A welcome redial for European telecoms
Commissioner is right to take a tougher line on mobile mergers
In the past two years, Europe’s mobile operators have raced to consolidate their industry. Encouraged by the indulgent attitude of the regulator in Brussels, they have launched a wave of deals across the continent. As a consequence, country after country has seen the number of networks in its market contract from four to three.
Germany, Austria and Ireland have all crossed this threshold, generally seen as the point at which competition ceases reliably to operate. They have done so in the teeth of opposition from national regulators. Because the deals involved supranational competitors they ended up with the European Commission, which approved them subject to undertakings. For all the advantages dangled by the purchasers, the result has been as simple as it was expected: prices have gone up.
Now, under a new commission, Brussels is thinking again.
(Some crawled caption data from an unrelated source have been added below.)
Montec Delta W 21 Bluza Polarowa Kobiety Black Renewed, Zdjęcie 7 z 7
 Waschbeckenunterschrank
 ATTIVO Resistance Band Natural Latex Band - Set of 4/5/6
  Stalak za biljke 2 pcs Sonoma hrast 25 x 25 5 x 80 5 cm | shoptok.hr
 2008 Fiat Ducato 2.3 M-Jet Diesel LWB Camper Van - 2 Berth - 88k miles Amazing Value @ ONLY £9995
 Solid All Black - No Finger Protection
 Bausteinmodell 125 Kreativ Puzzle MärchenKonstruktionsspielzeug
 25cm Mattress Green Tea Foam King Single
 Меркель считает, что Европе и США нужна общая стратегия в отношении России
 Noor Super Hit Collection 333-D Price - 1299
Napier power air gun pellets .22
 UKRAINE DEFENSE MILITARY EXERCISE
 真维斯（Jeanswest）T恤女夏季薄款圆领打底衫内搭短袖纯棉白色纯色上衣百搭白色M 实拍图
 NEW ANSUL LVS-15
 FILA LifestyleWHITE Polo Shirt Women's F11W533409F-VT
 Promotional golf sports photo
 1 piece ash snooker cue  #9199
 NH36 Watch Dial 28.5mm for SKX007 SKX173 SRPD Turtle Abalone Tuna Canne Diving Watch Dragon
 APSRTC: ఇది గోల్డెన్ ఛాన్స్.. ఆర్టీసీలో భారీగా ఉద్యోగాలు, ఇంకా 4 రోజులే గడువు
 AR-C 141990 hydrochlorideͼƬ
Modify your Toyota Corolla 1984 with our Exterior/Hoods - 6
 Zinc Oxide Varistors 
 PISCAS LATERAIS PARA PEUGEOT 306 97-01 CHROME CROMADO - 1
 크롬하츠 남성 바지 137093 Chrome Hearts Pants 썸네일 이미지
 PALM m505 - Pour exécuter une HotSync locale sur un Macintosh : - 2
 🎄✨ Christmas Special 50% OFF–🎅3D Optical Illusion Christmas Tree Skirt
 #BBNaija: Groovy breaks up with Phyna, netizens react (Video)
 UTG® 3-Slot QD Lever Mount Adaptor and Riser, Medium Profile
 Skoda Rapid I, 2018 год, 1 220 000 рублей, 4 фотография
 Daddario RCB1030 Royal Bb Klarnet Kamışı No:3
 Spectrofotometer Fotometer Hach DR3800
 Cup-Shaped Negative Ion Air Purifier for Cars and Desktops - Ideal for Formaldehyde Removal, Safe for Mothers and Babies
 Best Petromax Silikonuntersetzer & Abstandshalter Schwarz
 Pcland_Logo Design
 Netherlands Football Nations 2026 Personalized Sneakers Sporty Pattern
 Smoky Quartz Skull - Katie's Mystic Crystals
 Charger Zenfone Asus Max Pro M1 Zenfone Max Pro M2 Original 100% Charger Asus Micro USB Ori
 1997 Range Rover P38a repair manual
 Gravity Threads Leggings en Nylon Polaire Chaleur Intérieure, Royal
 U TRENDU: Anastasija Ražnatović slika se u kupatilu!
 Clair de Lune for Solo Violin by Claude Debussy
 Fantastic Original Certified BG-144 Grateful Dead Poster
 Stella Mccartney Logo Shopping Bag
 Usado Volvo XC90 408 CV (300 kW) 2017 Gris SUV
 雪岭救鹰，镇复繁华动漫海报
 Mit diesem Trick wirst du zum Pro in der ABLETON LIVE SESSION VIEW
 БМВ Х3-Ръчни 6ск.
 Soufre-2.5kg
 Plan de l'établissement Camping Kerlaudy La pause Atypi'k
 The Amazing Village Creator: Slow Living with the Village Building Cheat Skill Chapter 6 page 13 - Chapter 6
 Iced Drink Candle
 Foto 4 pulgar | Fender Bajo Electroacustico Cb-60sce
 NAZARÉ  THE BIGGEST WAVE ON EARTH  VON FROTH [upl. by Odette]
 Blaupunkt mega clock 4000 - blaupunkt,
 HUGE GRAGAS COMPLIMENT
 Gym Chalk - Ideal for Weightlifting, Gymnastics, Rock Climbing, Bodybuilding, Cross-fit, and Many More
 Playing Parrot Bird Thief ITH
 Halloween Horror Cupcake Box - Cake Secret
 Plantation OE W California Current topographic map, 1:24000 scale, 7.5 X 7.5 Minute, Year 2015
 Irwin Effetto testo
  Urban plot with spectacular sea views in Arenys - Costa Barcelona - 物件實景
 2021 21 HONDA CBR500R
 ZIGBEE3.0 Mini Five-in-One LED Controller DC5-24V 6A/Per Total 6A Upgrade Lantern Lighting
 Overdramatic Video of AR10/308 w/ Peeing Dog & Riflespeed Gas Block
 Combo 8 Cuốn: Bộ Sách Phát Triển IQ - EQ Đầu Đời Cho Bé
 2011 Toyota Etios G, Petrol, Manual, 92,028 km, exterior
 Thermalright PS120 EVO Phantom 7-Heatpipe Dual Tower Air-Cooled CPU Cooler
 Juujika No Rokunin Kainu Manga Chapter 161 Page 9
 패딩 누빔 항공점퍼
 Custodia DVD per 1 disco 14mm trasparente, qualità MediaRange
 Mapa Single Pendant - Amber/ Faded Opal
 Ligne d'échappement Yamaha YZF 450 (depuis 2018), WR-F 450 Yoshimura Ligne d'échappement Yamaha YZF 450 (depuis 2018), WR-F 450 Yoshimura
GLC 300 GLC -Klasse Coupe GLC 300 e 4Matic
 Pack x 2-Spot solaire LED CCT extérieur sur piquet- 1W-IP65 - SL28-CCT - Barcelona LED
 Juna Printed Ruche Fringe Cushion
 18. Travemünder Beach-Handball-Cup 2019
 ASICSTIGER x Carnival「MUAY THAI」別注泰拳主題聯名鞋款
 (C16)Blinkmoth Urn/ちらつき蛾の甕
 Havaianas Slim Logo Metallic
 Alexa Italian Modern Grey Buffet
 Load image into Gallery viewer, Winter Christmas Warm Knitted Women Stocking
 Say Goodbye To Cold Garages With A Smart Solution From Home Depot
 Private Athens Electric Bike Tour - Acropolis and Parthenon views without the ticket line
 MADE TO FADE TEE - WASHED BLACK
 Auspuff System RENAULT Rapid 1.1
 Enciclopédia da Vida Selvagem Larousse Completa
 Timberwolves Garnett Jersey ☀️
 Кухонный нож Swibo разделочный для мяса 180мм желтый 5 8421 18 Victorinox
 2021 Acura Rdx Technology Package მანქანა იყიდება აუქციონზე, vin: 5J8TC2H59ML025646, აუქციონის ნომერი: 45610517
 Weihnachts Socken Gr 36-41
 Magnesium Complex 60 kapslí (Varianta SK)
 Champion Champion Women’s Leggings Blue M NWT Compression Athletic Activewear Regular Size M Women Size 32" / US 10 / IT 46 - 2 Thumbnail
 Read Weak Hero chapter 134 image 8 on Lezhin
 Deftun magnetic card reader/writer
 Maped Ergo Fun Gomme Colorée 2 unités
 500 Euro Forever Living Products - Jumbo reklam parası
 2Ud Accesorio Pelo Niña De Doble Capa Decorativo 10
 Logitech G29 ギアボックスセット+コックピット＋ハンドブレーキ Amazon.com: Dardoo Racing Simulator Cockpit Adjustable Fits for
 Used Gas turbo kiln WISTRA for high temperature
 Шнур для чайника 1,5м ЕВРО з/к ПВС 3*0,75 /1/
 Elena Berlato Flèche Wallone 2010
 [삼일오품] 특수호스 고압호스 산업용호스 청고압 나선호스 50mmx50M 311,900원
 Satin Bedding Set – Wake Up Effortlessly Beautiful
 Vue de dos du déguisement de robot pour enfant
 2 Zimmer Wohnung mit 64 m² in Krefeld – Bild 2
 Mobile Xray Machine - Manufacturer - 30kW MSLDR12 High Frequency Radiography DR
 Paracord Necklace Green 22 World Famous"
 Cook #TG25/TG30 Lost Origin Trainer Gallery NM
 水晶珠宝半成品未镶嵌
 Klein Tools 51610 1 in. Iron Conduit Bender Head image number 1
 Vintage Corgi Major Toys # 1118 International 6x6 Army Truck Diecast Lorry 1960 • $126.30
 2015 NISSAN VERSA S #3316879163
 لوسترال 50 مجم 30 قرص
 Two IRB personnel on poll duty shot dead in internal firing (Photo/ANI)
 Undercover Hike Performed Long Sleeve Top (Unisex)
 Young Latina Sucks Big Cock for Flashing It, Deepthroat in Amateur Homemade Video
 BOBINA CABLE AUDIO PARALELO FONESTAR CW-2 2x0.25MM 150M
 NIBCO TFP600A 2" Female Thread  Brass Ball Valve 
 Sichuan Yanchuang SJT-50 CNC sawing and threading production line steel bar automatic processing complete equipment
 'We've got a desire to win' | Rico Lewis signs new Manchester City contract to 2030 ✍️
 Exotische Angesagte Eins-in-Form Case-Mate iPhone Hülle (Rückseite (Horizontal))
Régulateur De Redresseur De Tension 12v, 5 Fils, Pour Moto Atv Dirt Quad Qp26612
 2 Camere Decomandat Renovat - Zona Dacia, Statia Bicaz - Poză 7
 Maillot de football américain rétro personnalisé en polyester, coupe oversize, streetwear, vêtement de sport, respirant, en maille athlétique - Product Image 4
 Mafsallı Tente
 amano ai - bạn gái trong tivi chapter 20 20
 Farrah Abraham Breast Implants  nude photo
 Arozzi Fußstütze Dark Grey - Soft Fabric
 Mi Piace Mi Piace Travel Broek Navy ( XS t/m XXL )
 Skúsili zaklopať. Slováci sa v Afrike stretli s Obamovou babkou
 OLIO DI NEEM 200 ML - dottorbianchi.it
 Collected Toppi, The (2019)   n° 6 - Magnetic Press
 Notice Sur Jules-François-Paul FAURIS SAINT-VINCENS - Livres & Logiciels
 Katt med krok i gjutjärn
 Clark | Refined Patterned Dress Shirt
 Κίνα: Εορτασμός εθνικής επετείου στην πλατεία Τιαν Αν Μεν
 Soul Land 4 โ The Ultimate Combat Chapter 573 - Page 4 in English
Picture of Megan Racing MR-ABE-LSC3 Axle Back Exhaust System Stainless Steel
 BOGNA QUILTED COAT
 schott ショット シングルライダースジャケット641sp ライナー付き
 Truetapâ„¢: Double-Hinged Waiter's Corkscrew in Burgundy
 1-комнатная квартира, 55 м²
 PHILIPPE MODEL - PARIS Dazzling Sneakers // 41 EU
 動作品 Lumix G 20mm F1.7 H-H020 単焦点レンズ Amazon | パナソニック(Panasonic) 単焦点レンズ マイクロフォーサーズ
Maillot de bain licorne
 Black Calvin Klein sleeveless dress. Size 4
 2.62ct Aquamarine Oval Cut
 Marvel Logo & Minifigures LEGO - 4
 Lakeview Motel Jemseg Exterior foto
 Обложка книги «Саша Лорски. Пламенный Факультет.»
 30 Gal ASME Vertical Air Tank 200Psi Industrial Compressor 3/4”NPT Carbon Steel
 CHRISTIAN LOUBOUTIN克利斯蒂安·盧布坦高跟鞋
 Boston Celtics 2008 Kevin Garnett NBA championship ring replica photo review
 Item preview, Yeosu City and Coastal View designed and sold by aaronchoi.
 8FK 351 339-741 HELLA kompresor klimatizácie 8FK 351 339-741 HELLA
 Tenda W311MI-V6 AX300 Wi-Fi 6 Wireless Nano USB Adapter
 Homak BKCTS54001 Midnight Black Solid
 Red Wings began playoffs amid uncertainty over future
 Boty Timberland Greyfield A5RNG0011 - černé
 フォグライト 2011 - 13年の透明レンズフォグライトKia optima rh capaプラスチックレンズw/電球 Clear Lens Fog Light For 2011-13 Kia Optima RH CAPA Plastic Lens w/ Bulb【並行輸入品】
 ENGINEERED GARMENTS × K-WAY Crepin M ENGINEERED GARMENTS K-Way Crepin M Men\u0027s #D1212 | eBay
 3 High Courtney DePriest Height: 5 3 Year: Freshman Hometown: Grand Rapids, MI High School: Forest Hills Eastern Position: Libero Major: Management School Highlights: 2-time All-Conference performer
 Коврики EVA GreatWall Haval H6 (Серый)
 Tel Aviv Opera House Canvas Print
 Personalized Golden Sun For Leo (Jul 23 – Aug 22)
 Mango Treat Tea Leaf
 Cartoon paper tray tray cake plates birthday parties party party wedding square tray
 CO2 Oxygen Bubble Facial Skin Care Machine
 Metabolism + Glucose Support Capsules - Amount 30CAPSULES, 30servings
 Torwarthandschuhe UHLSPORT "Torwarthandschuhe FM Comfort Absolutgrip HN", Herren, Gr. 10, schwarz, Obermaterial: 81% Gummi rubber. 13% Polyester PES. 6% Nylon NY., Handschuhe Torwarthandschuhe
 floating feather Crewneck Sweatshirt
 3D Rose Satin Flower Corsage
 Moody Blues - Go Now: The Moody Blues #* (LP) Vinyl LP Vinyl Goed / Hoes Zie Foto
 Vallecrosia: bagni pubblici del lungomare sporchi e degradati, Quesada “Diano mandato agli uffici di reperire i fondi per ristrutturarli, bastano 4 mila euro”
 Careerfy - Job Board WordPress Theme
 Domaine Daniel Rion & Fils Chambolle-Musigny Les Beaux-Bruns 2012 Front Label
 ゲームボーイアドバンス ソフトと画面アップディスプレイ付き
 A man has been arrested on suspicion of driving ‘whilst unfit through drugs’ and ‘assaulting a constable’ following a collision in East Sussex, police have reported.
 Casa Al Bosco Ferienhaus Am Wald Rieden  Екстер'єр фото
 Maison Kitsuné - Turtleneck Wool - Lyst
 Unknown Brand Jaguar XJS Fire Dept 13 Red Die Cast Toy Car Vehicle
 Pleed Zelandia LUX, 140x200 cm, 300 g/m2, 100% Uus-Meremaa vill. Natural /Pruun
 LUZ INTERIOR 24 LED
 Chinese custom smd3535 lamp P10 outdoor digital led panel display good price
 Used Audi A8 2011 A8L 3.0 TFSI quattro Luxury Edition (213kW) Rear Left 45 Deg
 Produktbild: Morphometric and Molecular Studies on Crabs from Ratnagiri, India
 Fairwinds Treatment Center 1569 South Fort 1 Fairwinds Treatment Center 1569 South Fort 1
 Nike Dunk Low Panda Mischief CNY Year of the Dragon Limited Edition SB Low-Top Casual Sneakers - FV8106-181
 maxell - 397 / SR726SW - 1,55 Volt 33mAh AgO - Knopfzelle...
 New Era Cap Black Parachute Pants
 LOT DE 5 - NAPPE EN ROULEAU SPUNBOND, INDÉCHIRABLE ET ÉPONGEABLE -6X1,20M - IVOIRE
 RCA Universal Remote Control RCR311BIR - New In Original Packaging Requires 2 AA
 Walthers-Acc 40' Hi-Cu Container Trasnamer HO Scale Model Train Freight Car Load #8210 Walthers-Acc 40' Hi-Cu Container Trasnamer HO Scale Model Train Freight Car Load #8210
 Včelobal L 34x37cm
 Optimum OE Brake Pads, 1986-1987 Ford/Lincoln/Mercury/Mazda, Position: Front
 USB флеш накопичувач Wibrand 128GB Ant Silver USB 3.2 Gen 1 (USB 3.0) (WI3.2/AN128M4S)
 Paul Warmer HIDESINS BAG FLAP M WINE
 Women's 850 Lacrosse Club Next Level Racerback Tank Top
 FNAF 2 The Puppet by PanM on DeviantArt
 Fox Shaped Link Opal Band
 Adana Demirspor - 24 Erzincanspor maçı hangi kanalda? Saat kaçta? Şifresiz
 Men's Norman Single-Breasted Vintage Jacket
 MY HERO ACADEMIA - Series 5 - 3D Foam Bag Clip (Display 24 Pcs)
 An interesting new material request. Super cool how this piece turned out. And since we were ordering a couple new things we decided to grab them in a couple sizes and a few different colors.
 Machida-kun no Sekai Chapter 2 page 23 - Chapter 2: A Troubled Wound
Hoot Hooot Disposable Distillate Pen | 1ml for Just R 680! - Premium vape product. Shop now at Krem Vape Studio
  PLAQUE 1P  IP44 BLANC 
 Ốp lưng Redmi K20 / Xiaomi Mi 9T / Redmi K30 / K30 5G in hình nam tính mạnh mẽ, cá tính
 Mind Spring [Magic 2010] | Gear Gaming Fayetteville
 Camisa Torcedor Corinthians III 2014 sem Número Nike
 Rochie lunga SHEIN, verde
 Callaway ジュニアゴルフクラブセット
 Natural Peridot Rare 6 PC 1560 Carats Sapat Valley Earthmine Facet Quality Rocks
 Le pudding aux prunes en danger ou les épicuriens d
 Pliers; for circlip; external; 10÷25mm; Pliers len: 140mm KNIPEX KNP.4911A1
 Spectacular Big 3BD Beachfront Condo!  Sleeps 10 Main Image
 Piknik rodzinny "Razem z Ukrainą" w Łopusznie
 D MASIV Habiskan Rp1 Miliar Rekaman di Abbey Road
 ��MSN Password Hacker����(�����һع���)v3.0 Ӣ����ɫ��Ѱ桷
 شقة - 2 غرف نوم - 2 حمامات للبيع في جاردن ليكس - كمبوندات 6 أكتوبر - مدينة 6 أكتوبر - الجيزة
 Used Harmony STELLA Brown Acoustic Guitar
Last week, Margrethe Vestager, the Danish competition commissioner, halted plans that would have put together the Danish networks of the Scandinavian operators, TeliaSonera and Telenor.
Significantly, she said the deal could only have passed muster if the purchasers had shed sufficient assets to create a new mobile operator in the country. That, of course, would have rendered the whole exercise largely redundant. Her decision puts a host of similar mergers still lodged in the pipeline — including CK Hutchison’s purchase of O2 in Britain — firmly at risk.
Ms Vestager is right to toughen the rules on undertakings. Not only has Brussels been too liberal about those it has sought, it has neglected implementation. For instance, Hutchison pledged that it would bring in a new operator to piggyback on its spectrum after buying Orange Austria in 2013. More than two years have passed and the undertaking remains unfulfilled.
Part of the problem is that markets with a triumvirate of networks look unappealing to new entrants, who often come in as minnow-sized virtual operators, unable to drive pricing or service quality. Had the Danish merger gone through, for instance, it would have created a forbidding structure, with the two largest players holding almost 80 per cent.
Ms Vestager’s scepticism is also welcome when it comes to the operators’ argument that mergers are necessary to finance new networks and services. In the past, both Jean Claude Juncker, the commission president, and Angela Merkel, the German chancellor, have peddled this claim. But there is no evidence to support it. True, returns on capital employed have fallen in European mobile from a very high 20 per cent to 10 per cent in the past five years. But this still exceeds operators’ cost of capital — at least for those that are sensibly capitalised.
Ms Vestager should now turn her stringent eye to Britain. CK Hutchison’s planned merger of its Three network with that of Telefonica’s O2 demands serious scrutiny. Three is an excellent example of how competition can both spur and reward fresh thinking. Created explicitly as an additional operator in 2000 to hold prices down, it has built a profitable business. It has done so by innovating. Three was among the first operators to spot the importance of the smartphone and to design products and tariffs to support its expansion. It is alone in offering customers an upgrade to 4G without charge.
Regulation needs to preserve these incentives, not smother them by pursuing a nebulous policy of promoting European champions. If Ms Vestager’s policy genuinely resets EU regulation in a more open direction, European consumers will have reason to offer her their thanks.